I agree with KaiGai-san that his proposition (or my proposition based on
secondary plans) is still a performance improvement over the current
implementation on local joining plus early row locking, since that that
wouldn't have to transfer useless data that didn't satisfy join
conditions at all!

> On the other hands, in case of custom-scan that takes underlying local
> scan-nodes, thus, any kind of ROW_MARK_* except for ROW_MARK_COPY will
> happen. I think width of the joined tuples are relatively minor issue
> than FDW cases.
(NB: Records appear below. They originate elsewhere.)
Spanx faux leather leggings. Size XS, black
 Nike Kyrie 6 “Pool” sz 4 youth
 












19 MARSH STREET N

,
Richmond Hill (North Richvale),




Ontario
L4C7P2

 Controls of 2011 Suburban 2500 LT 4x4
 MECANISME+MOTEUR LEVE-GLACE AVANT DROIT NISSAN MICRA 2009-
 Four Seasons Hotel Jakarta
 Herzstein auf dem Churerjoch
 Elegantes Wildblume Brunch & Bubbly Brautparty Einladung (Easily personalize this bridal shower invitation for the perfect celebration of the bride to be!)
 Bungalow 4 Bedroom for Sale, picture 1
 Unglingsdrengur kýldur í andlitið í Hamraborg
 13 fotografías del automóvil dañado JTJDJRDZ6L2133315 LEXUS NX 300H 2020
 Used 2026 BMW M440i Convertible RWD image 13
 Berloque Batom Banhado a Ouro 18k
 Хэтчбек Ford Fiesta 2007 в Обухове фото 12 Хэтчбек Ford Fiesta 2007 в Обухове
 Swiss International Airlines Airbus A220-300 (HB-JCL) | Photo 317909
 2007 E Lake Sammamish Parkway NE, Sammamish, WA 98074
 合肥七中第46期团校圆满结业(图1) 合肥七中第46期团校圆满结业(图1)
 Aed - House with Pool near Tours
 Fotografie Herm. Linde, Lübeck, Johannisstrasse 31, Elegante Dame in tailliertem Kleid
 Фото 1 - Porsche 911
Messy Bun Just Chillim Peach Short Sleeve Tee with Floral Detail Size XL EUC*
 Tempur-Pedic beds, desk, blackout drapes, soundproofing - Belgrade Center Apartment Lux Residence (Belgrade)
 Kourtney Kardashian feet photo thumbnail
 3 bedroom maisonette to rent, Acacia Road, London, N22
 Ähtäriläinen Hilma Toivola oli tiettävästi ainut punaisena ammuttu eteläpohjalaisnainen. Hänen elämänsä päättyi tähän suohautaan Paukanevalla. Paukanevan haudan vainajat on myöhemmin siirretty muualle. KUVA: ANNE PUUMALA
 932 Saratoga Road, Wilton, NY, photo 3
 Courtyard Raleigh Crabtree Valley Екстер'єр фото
However, we cannot expect the fetched rows are protected
> by early row-locking mechanism, so probability of re-fetching rows and
> reconstruction of joined-tuple has relatively higher priority.

I see.

>> There is also some possible loss of efficiency with this approach.
>> Suppose that we have two tables ft1 and ft2 which are being joined,
>> and we push down the join. They are being joined on an integer
>> column, and the join needs to select several other columns as well.
>> However, ft1 and ft2 are very wide tables that also contain some text
>> columns. The query is like this:
>>
>> SELECT localtab.a, ft1.p, ft2.p FROM localtab LEFT JOIN (ft1 JOIN ft2
>> ON ft1.x = ft2.x AND ft1.huge ~ 'stuff' AND f2.huge2 ~ 'nonsense') ON
>> localtab.q = ft1.q;
>>
>> If we refetch each row individually, we will need a wholerow image of
>> ft1 and ft2 that includes all columns, or at least f1.huge and
>> f2.huge2. If we just fetch a wholerow image of the join output, we
>> can exclude those. The only thing we need to recheck is that it's
>> still the case that localtab.q = ft1.q (because the value of
>> localtab.q might have changed).

As KaiGai-san mentioned above, what we need to discuss more about with
Robert's proposition is how to integrate that into the existing EPQ
machinery. For example, when, where, and how should we refetch the
whole-row image of the join output in the case of late row locking? IMV
I think that that would need to add a new FDW API different from
RefetchForeignRow, say RefetchForeignJoinRow.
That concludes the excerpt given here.